(Recorded data)
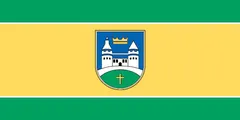 Flagge von Gemeinde Grad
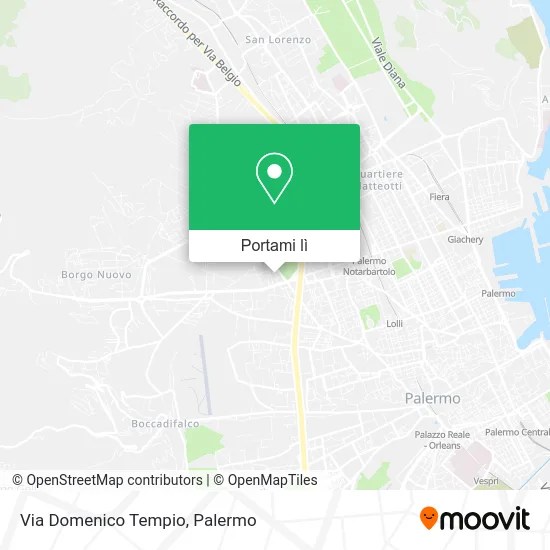 Mappa Via Domenico Tempio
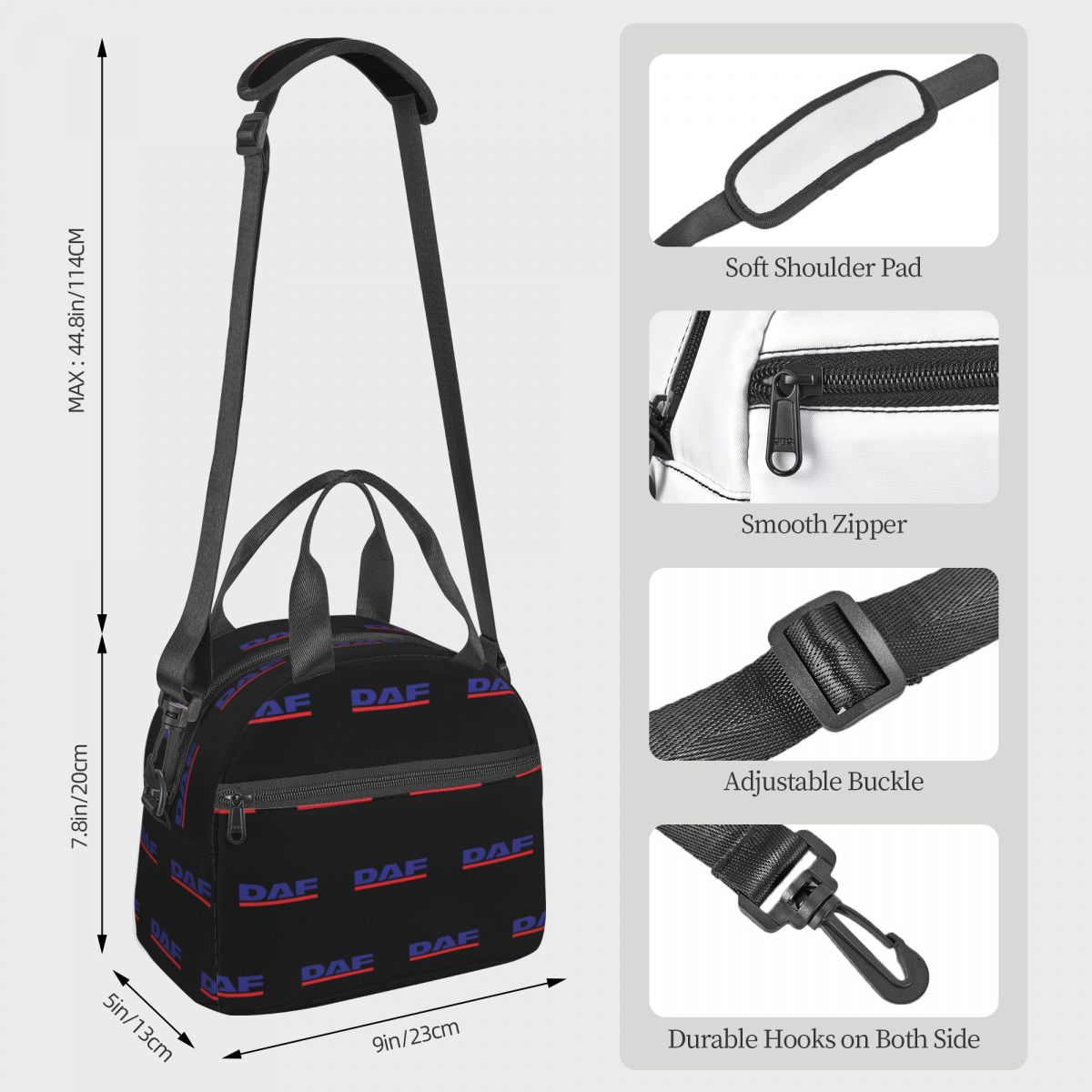 Torba na lunch DAF Red Design  – Best Food Storage recenzja i cena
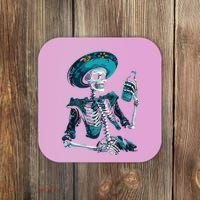 Skeleton Charro Mexican Skull Tequila Long Sleeve Coaster thumb 0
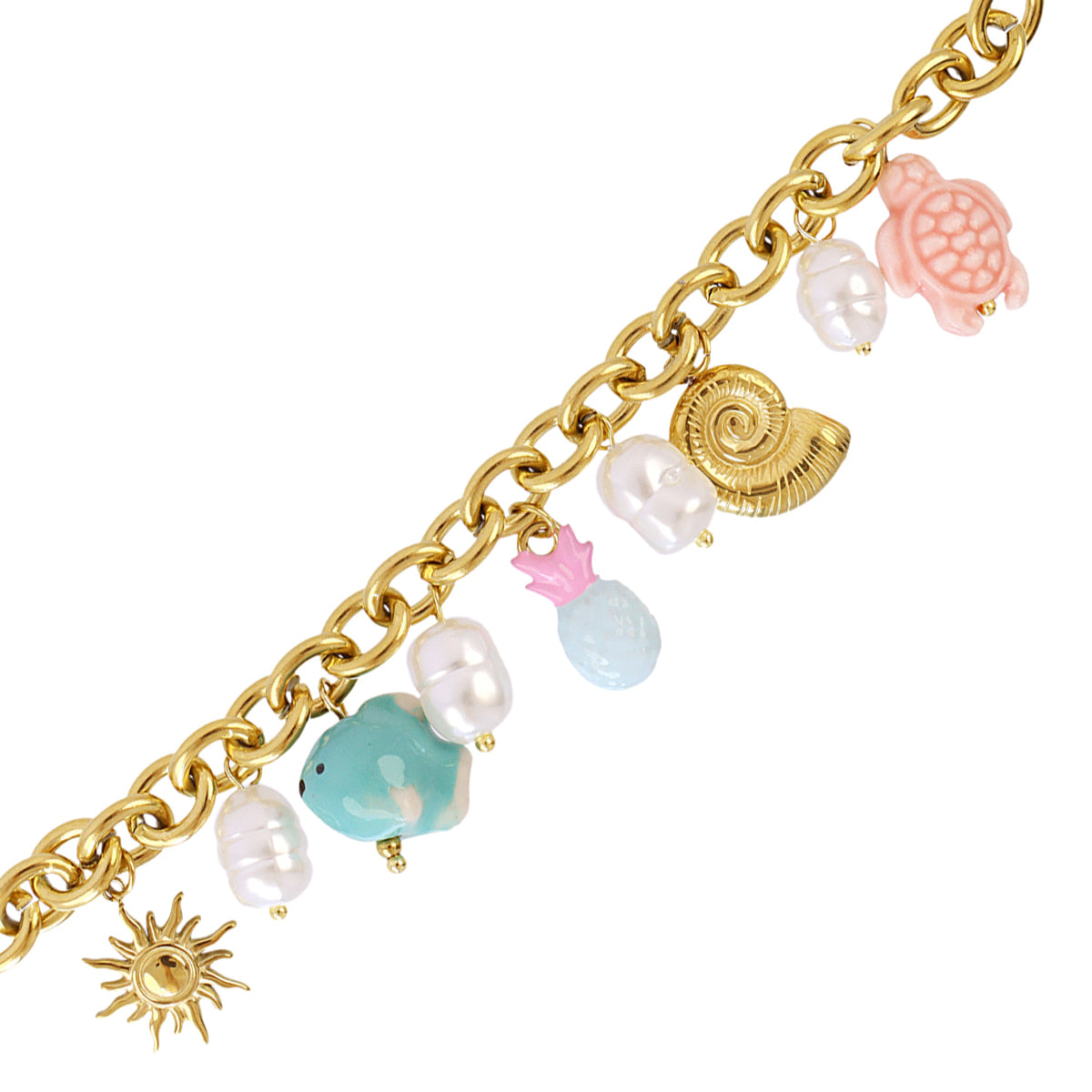 Pulsera Coast Baltic Dorado Anartxy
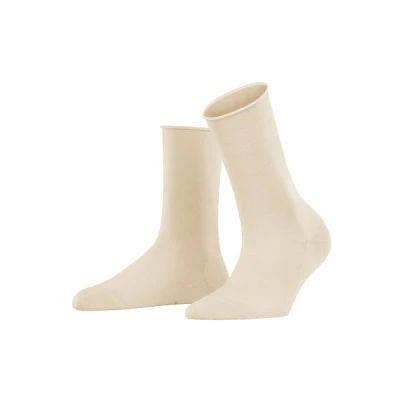 Image de Falke Active Breeze UNI ROLLBÜNDCHEN Chaussettes, Femme, Taille: 35 38, Creme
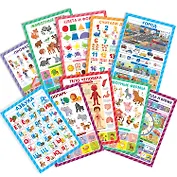 Обучающие плакаты. Знания для дошкольников: набор плакатов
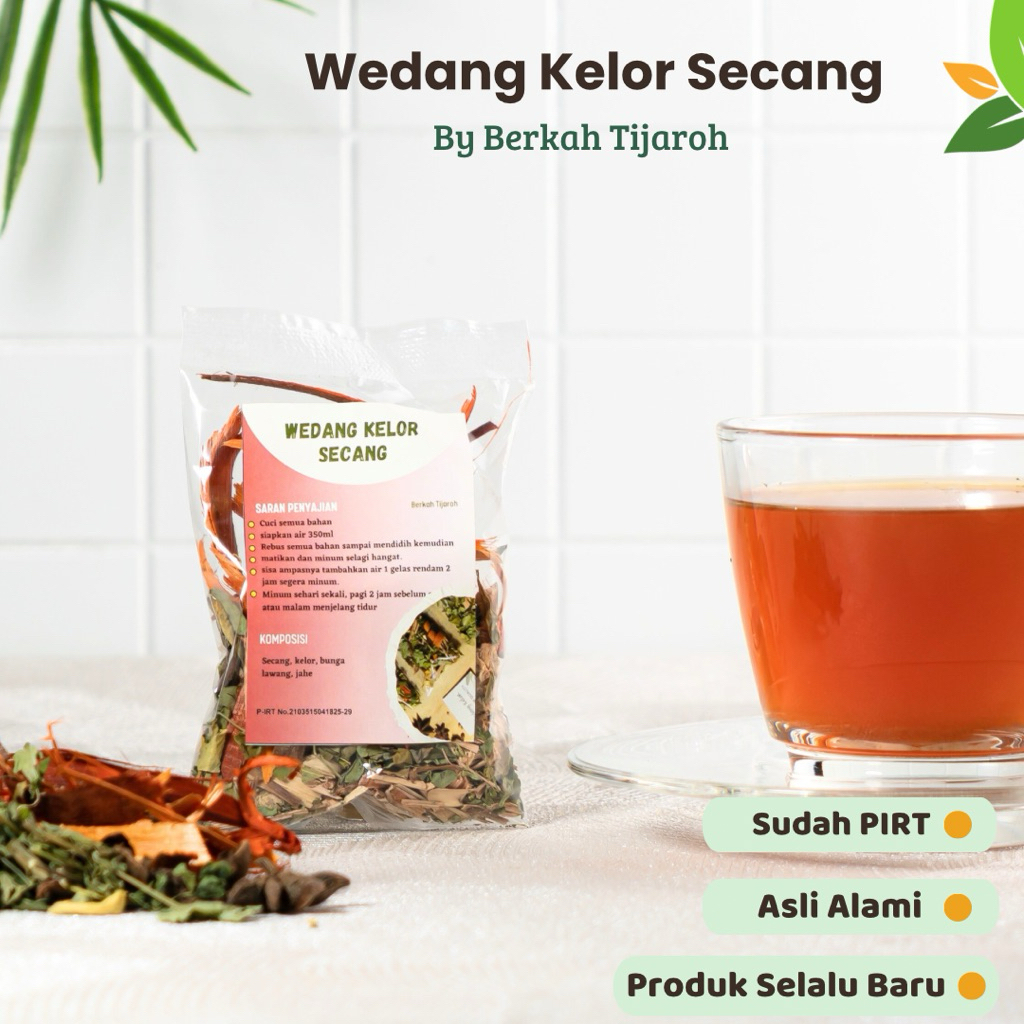 

Wedang Kelor Jahe Secang Bunga Lawang Pekak Sereh Atasi Asam Urat Rematik Kolesterol Kanker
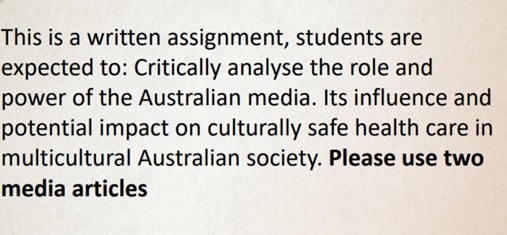 culture safety assignment sample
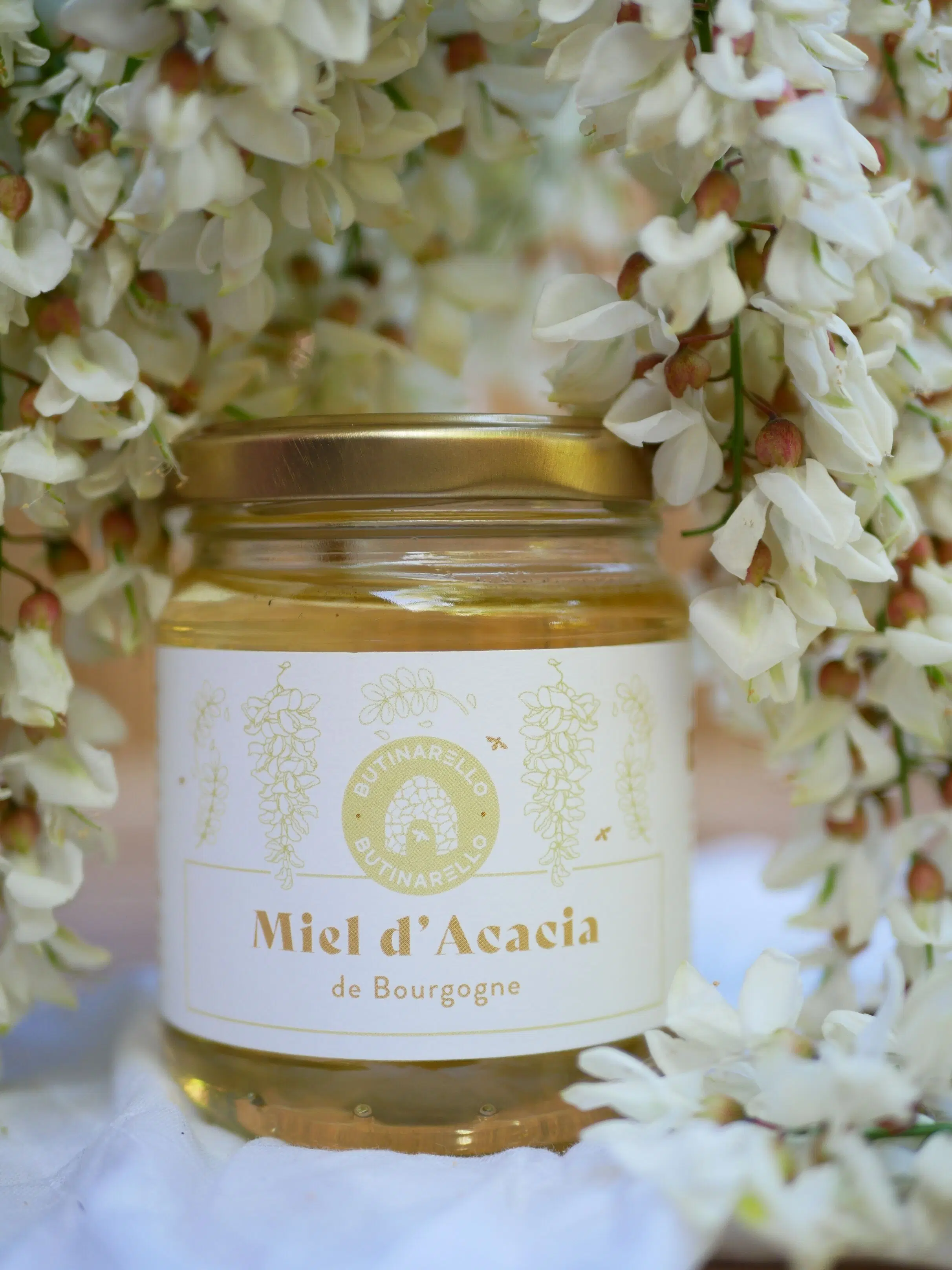 Organic Acacia Honey - Burgundy - 250gr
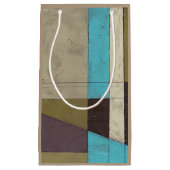 同時代のミニマ絵画リストと深いカラー スモールペーパーバッグ (正面)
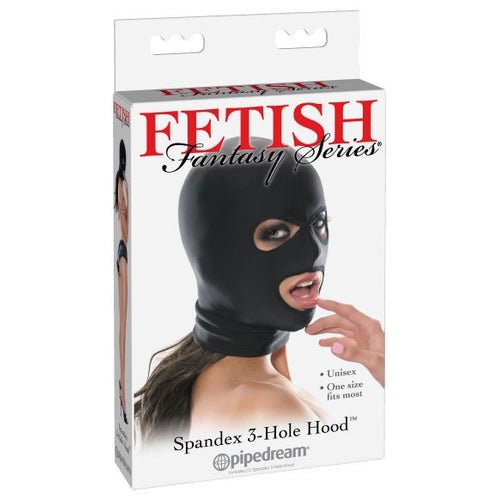 FETISH FANTASY SPANDEX 3 HOLE HOOD - PD385501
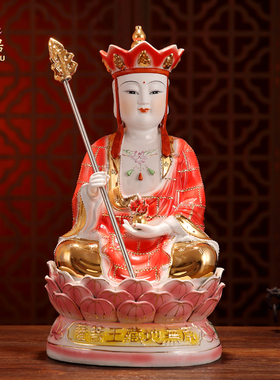 陶瓷地藏王菩萨娑婆三圣家居佛像
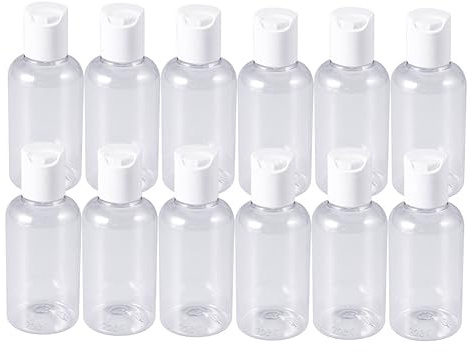 HAMPPLIES 24 pezzi Bottiglie Ricaricabili Viaggio Contenitori per Shampoo Lozione e Detergente Colore Casual per Sport e Attività All Colore Casuale Colore Casuale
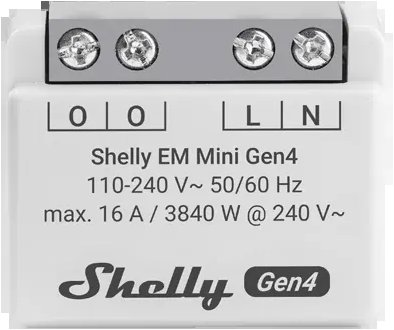 Shelly Gen4 EM mini 16 A, power meter, WiFi, LAN - Energy Consumption Meter - Main image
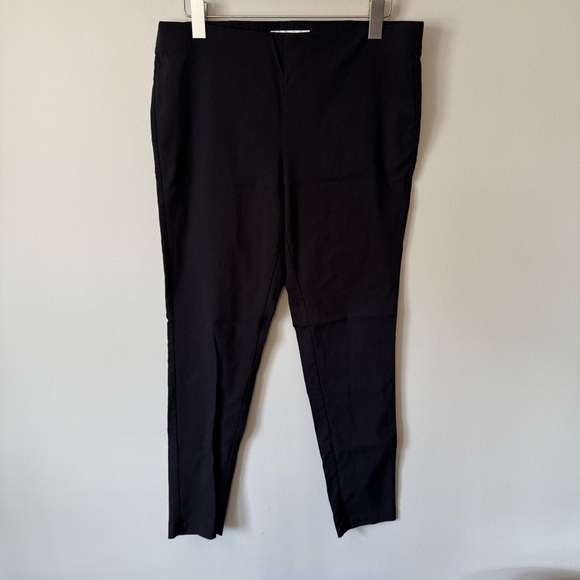 Michael Kors Pull On Stretch Trousers Black Size Large - Picture 1 of 5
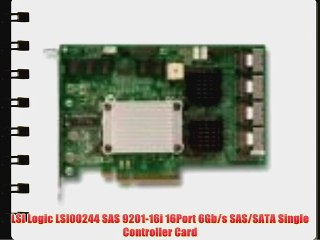 LSI Logic LSI00244 SAS 9201-16i 16Port 6Gb/s SAS/SATA Single Controller Card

INSTRUCTIONS TO FOLLOW - Write the data out again exactly, but without its images.

EXPECTED ANSWER -
 Flagge von Gemeinde Grad
 Mappa Via Domenico Tempio
 Torba na lunch DAF Red Design  – Best Food Storage recenzja i cena
 Skeleton Charro Mexican Skull Tequila Long Sleeve Coaster thumb 0
 Pulsera Coast Baltic Dorado Anartxy
 Image de Falke Active Breeze UNI ROLLBÜNDCHEN Chaussettes, Femme, Taille: 35 38, Creme
 Обучающие плакаты. Знания для дошкольников: набор плакатов

Wedang Kelor Jahe Secang Bunga Lawang Pekak Sereh Atasi Asam Urat Rematik Kolesterol Kanker
 culture safety assignment sample
 Organic Acacia Honey - Burgundy - 250gr
 同時代のミニマ絵画リストと深いカラー スモールペーパーバッグ (正面)
 FETISH FANTASY SPANDEX 3 HOLE HOOD - PD385501
 陶瓷地藏王菩萨娑婆三圣家居佛像
 HAMPPLIES 24 pezzi Bottiglie Ricaricabili Viaggio Contenitori per Shampoo Lozione e Detergente Colore Casual per Sport e Attività All Colore Casuale Colore Casuale
 Shelly Gen4 EM mini 16 A, power meter, WiFi, LAN - Energy Consumption Meter - Main image
 Michael Kors Pull On Stretch Trousers Black Size Large - Picture 1 of 5
 LSI Logic LSI00244 SAS 9201-16i 16Port 6Gb/s SAS/SATA Single Controller Card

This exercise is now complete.